I can’t quite put my finger on the appeal. If the objective was to explore and see new places, surely traveling and then returning home would have been sufficient.

I liked the idea of starting fresh in a place where I knew no one.

I thought it would be easier to be my “true self” if no one had a pre-existing character for me.

I liked the idea of creating myself.

The problem, of course, is the people you leave behind. Sometimes they take these sorts of moves personally, like you’re running away, rejecting and abandoning them.

It’s hard, especially for people who have never done it. There are so many unknowns, and if they don’t have faith that they could do it, sometimes they project that onto you.

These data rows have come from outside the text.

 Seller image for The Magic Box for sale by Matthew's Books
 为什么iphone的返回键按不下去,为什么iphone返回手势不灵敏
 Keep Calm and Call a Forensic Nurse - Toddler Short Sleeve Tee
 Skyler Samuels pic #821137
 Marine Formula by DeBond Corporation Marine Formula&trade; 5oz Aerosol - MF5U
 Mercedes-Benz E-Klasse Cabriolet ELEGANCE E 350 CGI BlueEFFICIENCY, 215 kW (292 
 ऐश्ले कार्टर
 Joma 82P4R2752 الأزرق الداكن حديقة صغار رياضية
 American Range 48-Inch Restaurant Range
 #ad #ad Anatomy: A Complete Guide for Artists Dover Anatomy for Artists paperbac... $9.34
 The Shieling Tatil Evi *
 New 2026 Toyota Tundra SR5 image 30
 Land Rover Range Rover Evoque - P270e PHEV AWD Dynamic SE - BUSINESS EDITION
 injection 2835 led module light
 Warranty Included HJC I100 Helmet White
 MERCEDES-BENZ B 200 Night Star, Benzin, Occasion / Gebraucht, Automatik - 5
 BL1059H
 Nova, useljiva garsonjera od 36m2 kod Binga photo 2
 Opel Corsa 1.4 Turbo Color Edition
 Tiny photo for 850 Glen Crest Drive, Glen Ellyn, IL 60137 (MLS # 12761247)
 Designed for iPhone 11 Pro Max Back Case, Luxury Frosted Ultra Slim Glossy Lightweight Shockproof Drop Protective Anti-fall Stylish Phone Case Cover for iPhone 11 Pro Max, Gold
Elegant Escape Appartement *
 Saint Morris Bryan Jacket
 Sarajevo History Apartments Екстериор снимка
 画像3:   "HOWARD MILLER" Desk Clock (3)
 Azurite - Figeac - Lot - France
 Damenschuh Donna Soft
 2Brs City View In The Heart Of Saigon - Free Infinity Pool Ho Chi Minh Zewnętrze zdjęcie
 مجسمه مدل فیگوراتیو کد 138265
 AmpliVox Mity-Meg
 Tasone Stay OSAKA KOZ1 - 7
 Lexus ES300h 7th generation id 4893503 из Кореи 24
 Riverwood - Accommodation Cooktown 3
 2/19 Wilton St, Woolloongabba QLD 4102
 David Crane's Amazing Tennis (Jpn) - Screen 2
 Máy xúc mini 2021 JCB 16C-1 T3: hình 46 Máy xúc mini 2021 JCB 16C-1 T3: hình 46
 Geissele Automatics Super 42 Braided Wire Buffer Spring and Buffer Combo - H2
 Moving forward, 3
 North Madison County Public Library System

A wise woman I know once responded to those projections with, “Maybe she’s not running away from anything. Maybe she’s running towards something new.”

Indeed.

The thing about consciousness and soul is that they must always run towards the unknown. It must expand, as a tree must split its seed casing. The Ego, your idea of yourself, can only appropriate what it knows. In order to truly grow, you must find new experiences outside of the “womb” you’re accustomed to.

And her heart ran cold
But her love runs deep
She’s fire on the mountain
Wrecking everyone she meets

She’s like rain when she rolls in
But that sunshine in her thunder
Makes the loneliest heart wonder
If the ride is worth the pain
Might not be storm clouds in sight
Oh but don’t you worry friend
She’s coming around the bend
She’s holding lightning in both hands

She’s a natural disaster
She’ll tear the land in two
She’s running to be running
‘Cause it’s all she knows to do

– Zac Brown Band, Natural Disaster

Jung used to talk about two kinds of guilt. There’s one where you betray the conventional idea of who you are – as a person, mother, child, lover, citizen, employee, friend, etc. There’s a real price there, and it’s very painful.

But there’s a second kind of guilt that comes when you betray your soul’s calling, usually in favor of safety. Jung called this “soul murder,” and it is.

Your “running” may not take the form of travel. It might take the form of growing out of friends, out of jobs, out of relationships. It may come in the form of creativity. It’ll usually come in the form of desire, pulling you for reasons you can’t quite articulate.

If you must go, go. There may be voices, internal and external, that try to herd you back to the conventional life, role, and expectations. As painful as it is, you must remember the function of these voices: to keep you in the known, in safety, in a role.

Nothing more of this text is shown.